As we continue to see increases in residual waste generated by households, and a reduction in commercial waste, there are unanswered questions concerning how this will impact the material flow to treatment plants, and the suitability of the materials for these sites. There seems to be little we can do at this moment, though we can continue to monitor changes in moisture, calorific value and composition to help predict if changes in feedstocks will become a bigger concern, which might not take effect until after the pandemic ends.
While our teams have key worker status and are integral to the continued operations of this country, we must do everything we can to minimise the risk to our front line workers, and this includes enforcing the two-metre social distancing rule. Many local authorities have moved to a ‘driver plus one’ model which minimises any contact within the cab to a safe distance, and spreads the usual workforce across more routes, thereby serving more of the public. For some local authorities who do not have access to spare vehicles, having staff follow the trucks in pool cars has been explored, but this has not been generally adopted due to health and safety concerns.

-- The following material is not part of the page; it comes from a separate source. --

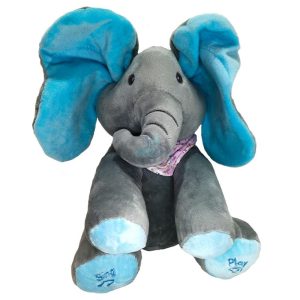 Elefant interactiv Peek a Boo gri cu albastru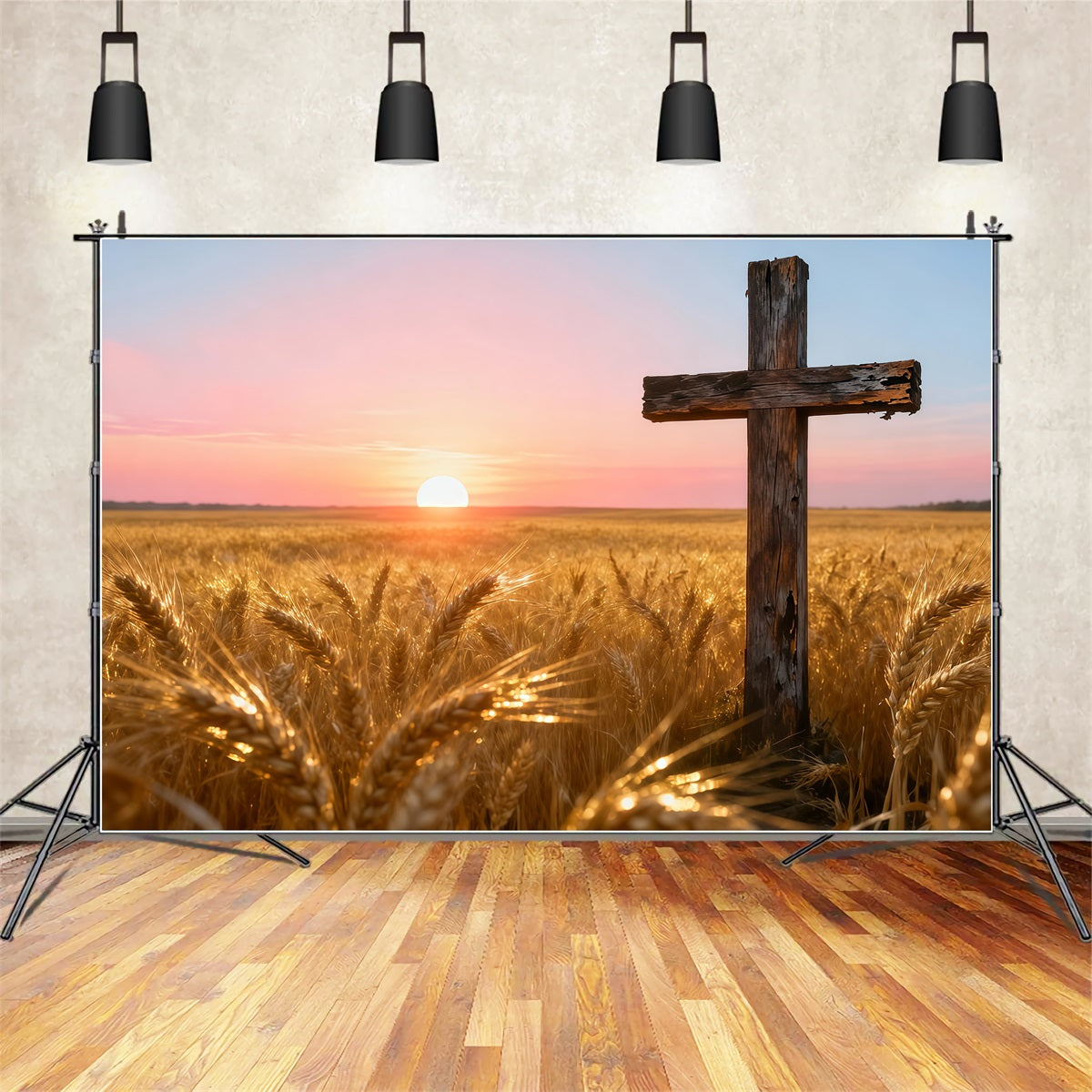 Christlicher Oster-Fotohintergrund Goldenes Weizenfeld Sonnenuntergang Holzkreuz Einfacher Oster-Hintergrund LXX62-75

Along with the usual high-vis, boots and gloves, teams are being provided with hand sanitisers to ensure that they can minimise the risks they are exposed to. There are rumours of the additional measures such as face masks being brought in for key workers, but the evidence suggests they are ineffective for waste collection staff and that they may encourage face touching – something which should be avoided at this time. The recently released WISH guidance is easy to adopt and is the best current guidance in the sector. However, a key concern is how to get essential PPE to the right places. It may be that the government should control this supply more as pricing is up to 10 times the normal cost for essential items.
There is a renewed respect for business continuity plans at this time, and revisions to these are being made now they have been thoroughly tested. Beyond this, there are many whose thoughts are already stretching to the future issues that we may face, including potential increases in fly tipping while HWRCs are closed, and how safely we can reopen and reinstate services both effectively and efficiently. With this in mind, perhaps some sites could become single material stream for a period of time or develop new operating procedures to ensure social distancing. Realistically, we need to pause at this point. We now look to the ESA, CIWM, WISH and DEFRA for more clarity over storage of waste for 72-hours at home, supplying PPE to front line teams, guidance on service prioritisation, and for new protocols when considering how HWRCs might operate once the government relents on travel restrictions.
We all wait with interest, and we will all continue to depend on the government to help share best practice, industry concerns, and sector updates.
* All references taken from responses to SUEZ recycling and recovery survey of local authority customers as of 04 April 2020.